• **Work request**
Word for word, return the entries listed below.

Data excerpts
+ + +

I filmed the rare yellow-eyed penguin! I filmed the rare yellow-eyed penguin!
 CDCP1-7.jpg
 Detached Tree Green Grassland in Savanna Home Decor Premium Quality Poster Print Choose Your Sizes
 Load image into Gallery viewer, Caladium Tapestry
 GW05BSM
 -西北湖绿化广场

+ + +

• **Answer to the exercise**
I filmed the rare yellow-eyed penguin! I filmed the rare yellow-eyed penguin!
 CDCP1-7.jpg
 Detached Tree Green Grassland in Savanna Home Decor Premium Quality Poster Print Choose Your Sizes
 Load image into Gallery viewer, Caladium Tapestry
 GW05BSM
 -西北湖绿化广场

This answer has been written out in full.